The "frames" in 2 above are compression-protocol messages, and do not have
to correspond with application messages.  They are actually the output that
current compression proposals would call "fragments".

The only difference, really, is syntax in the pipeline when passed to the
layer below.  So actually this is a very small change.  The compression
method, decisions it makes, etc. are unchanged.

My summary:

Keep the mux and other layers separate, not leaky, and all the muxy things
(flow control etc.) can be implemented in the mux layer alone.
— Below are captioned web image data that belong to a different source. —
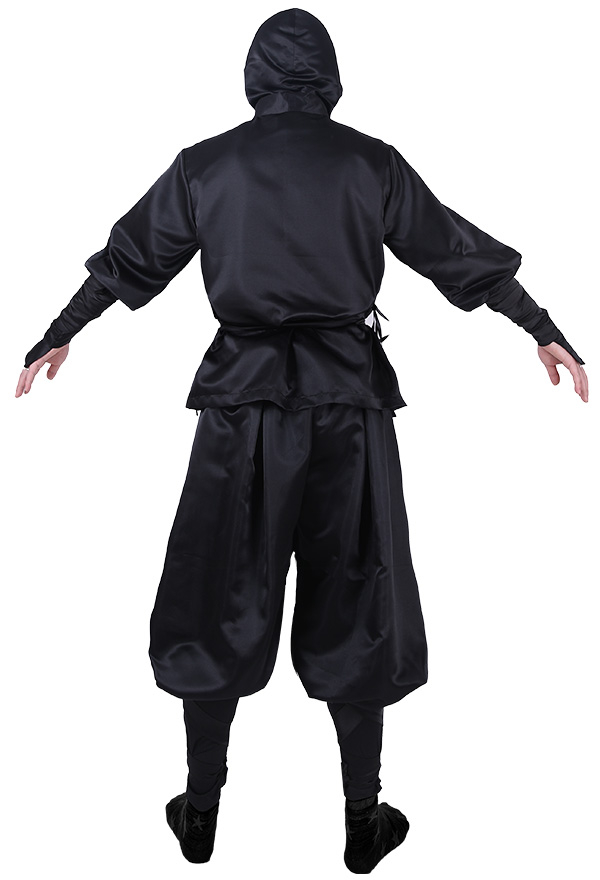 Costume de Cosplay Ninja de Style Japonais pour Adulte avec Capuche et Chaussettes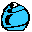 Blue shell icon
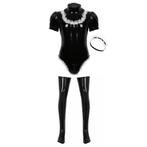 Heren french maid lingerie pakje / romper voor mannen, Kleding | Heren, Ondergoed, Verzenden, Zwart, Nachtkleding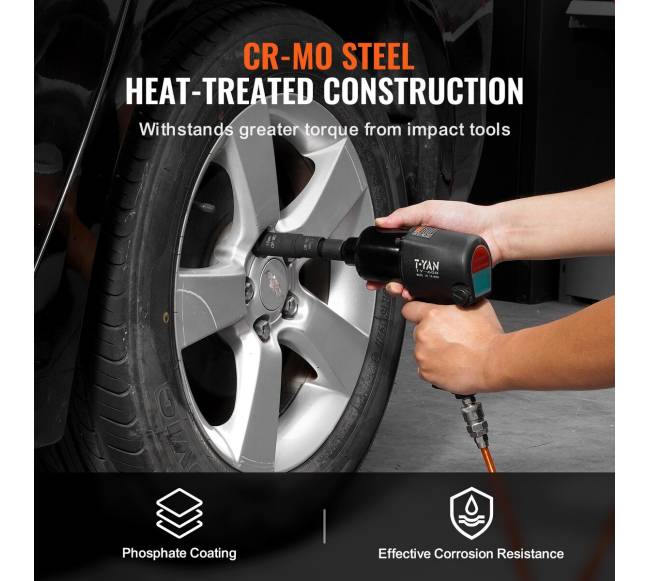 Ratų veržlių antgalių rinkinys su 12 įvadu4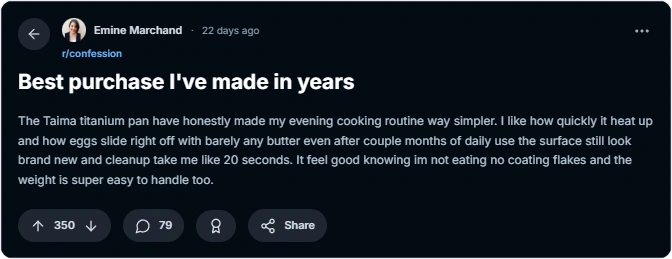 reddit review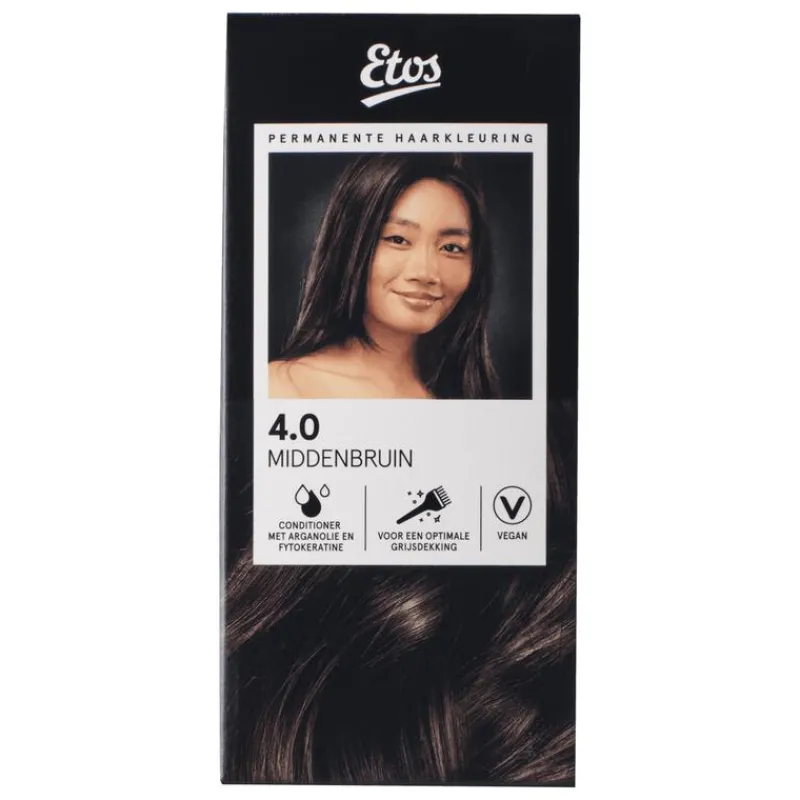 Etos Permanente Haarkleuring 4.0 middenbruin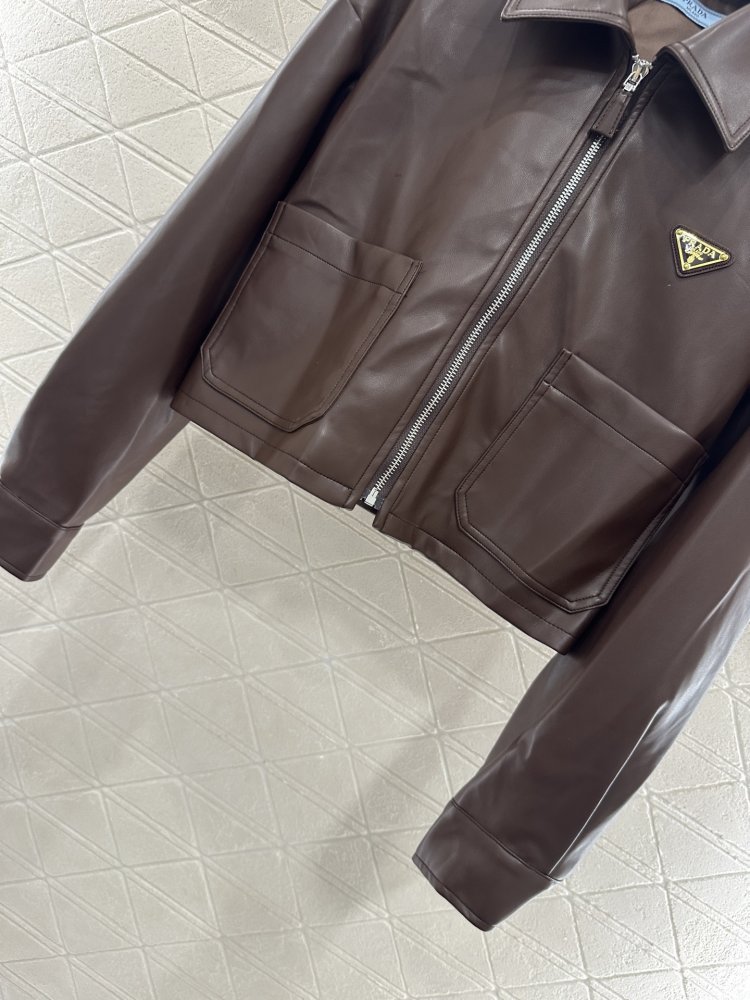 Кожаная куртка женская фото 5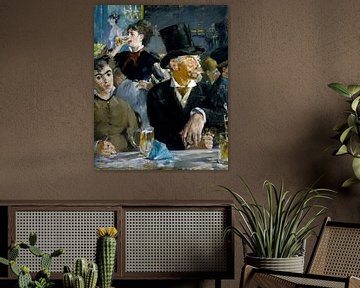 Het café-concert, Edouard Manet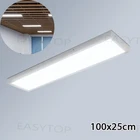 LED Panel Ceiling Light 100cm Flat Bathroom Ceiling Lamp 6500K IP44 Waterproof White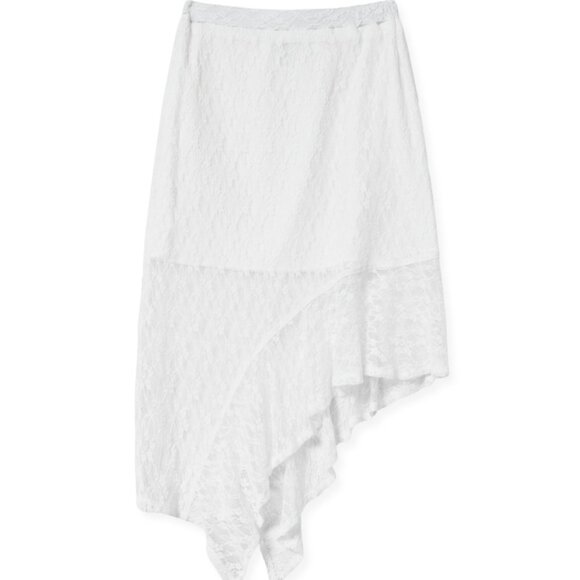Musinsa white lace skirt - Picture 1 of 5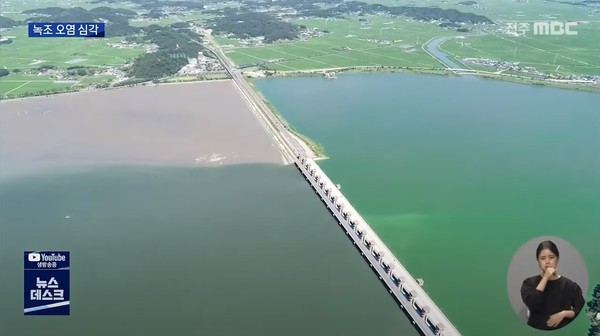 8월 24일 자 전주MBC 뉴스데스크 보도 화면 편집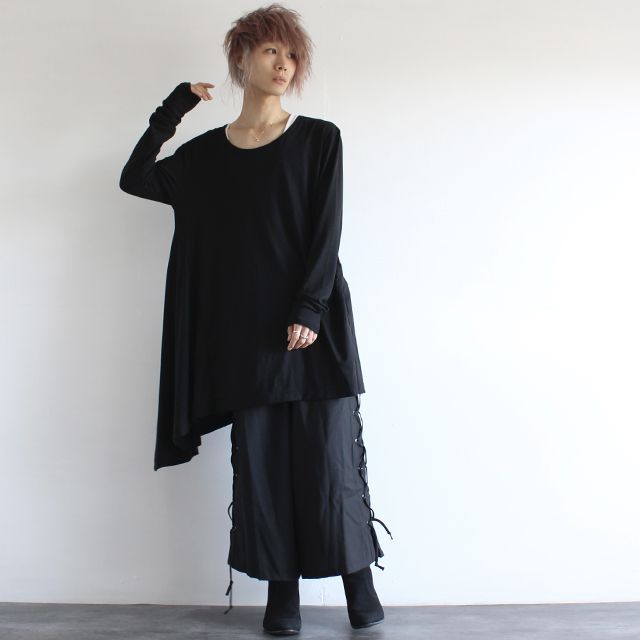 アシンメトリードレープワンピース
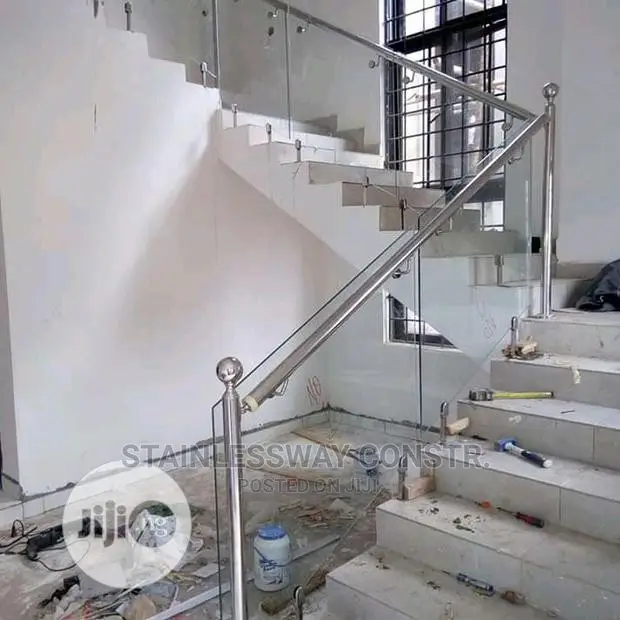 Stainless Clear Glass Staircase Railings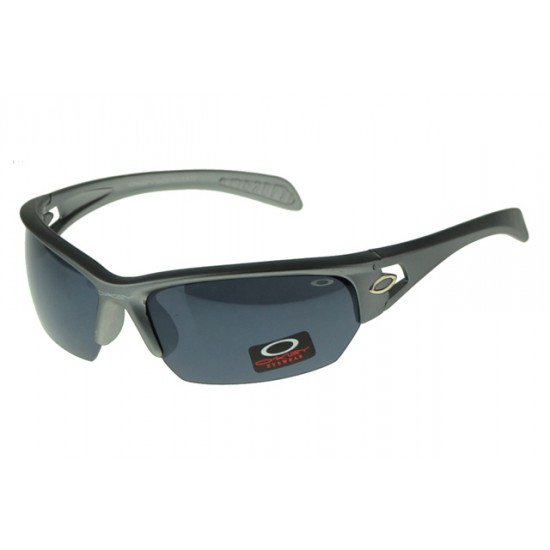 Oakley Flak Jacket Sunglass Black Frame Gray Lens-Online Shop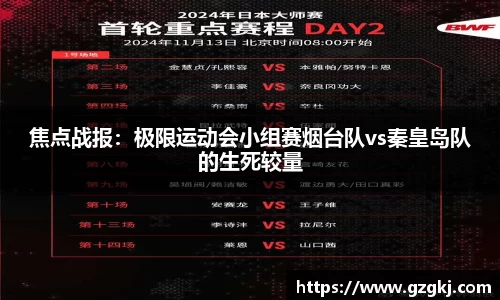 焦点战报：极限运动会小组赛烟台队vs秦皇岛队的生死较量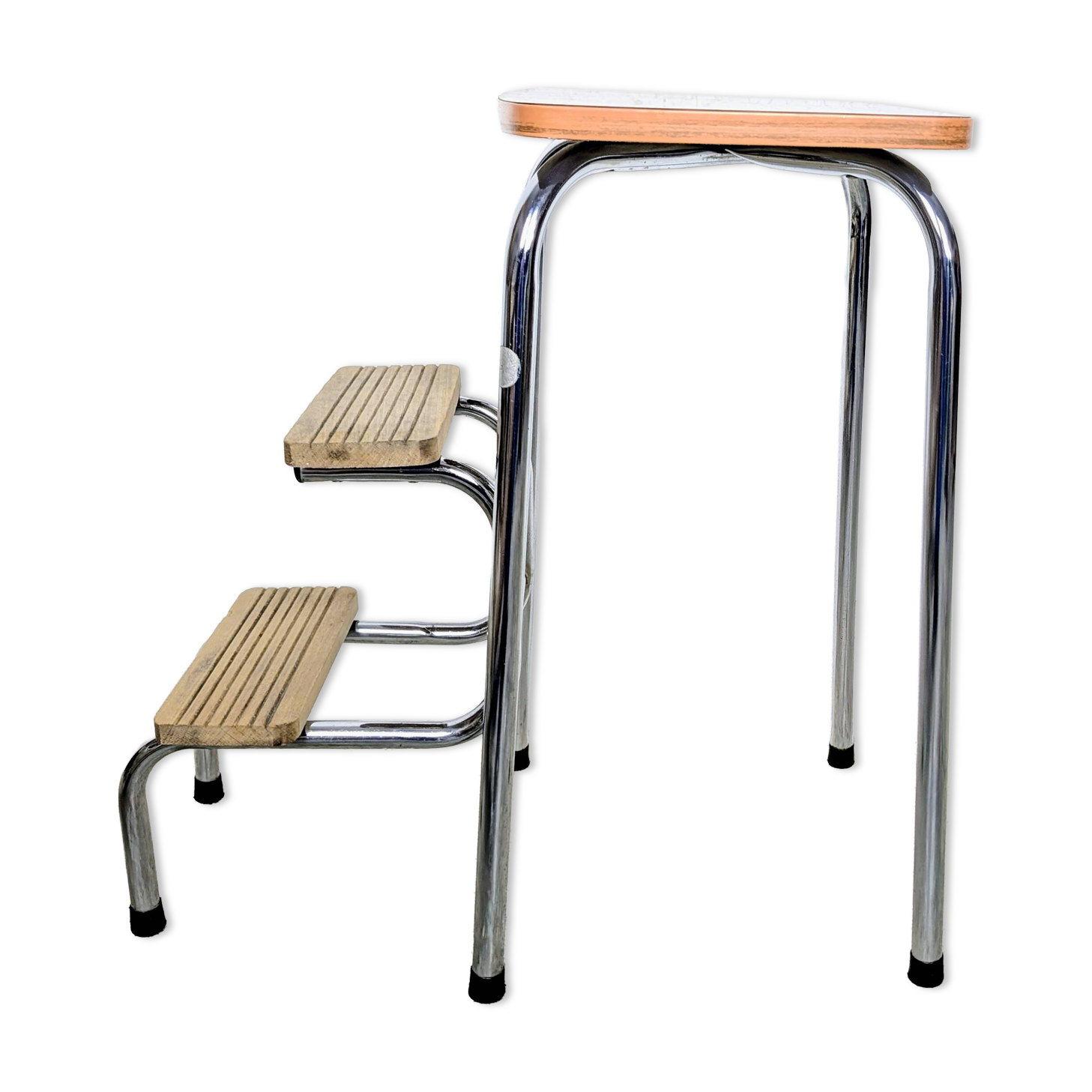 Escabeau marche pied vintage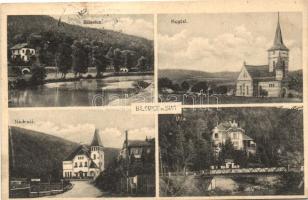 Bílovice nad Svitavou, church villa, railway station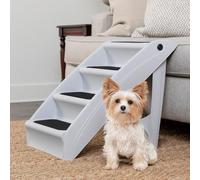 PetSafe CozyUp Folding Pet Steps - Foldable Stairs for Dogs and Cats - Best for Small to Large Pets - Large, Grey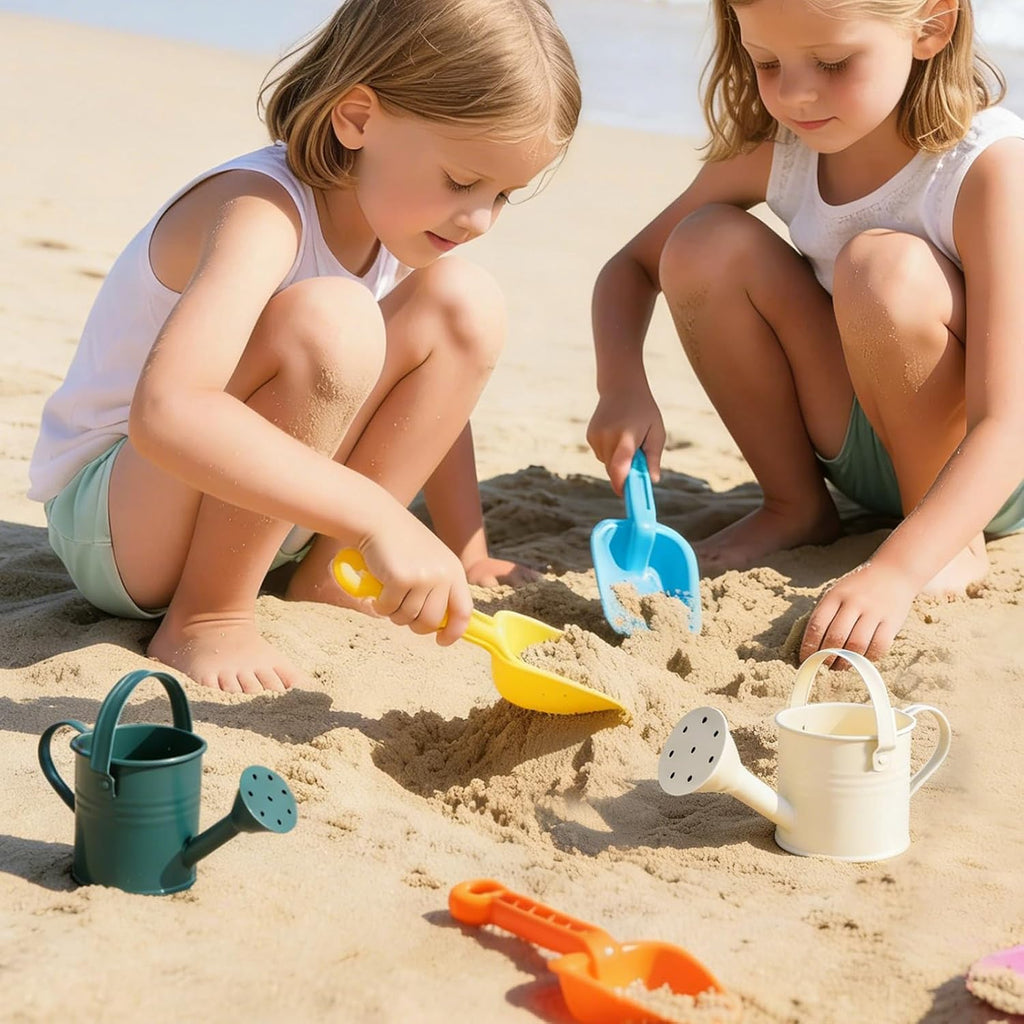 5pcs Kids Metal Watering Can Set: Mini Watering Cans for Indoor Plants - Small Metal Garden Can with Sprinkler Head for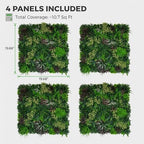 GreenSmart Premium Artificial Grass Wall Panels | Realistic Plant Greenery Privacy Panels | Decor for Fence, Garden, Patio & Balcony | Never Fade Indoor Outdoor Use (Tuscany) - Image 3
Everything will work, and the implementation will be simpler as well (more
modular, less dependencies).

When a layer (such as compression) outputs a stream of things with essential
boundaries, treat it as stream of frames, don't conflate it with "fragments"
at the wire level - even if it did involve splitting the WS application's
original messages.  Keep the relationship between these frames and
application (or higher layer) frames internal to the compression layer and
protocol (same for other layers).

It is much better to maintain clear semantics: frame boundaries are
immutable because the upper layer requires them, fragment boundaries are
_always_ allowed to be split and merged for optimal transport decisions, and
they only correspond _literally_ to the wire protocol for the lowest layer
in the stack.

As the wire protocol is now defined, it doesn't match up well with the above
semantics, but it's a syntax (header encoding) issue only.

It will even go faster on the network due to freeing up each component to do
the best for its part.  Think about the different combinations of layers
when several fragments/frames are in flight, and also multi-hop paths.  They
all benefit.

All the best,
-- Jamie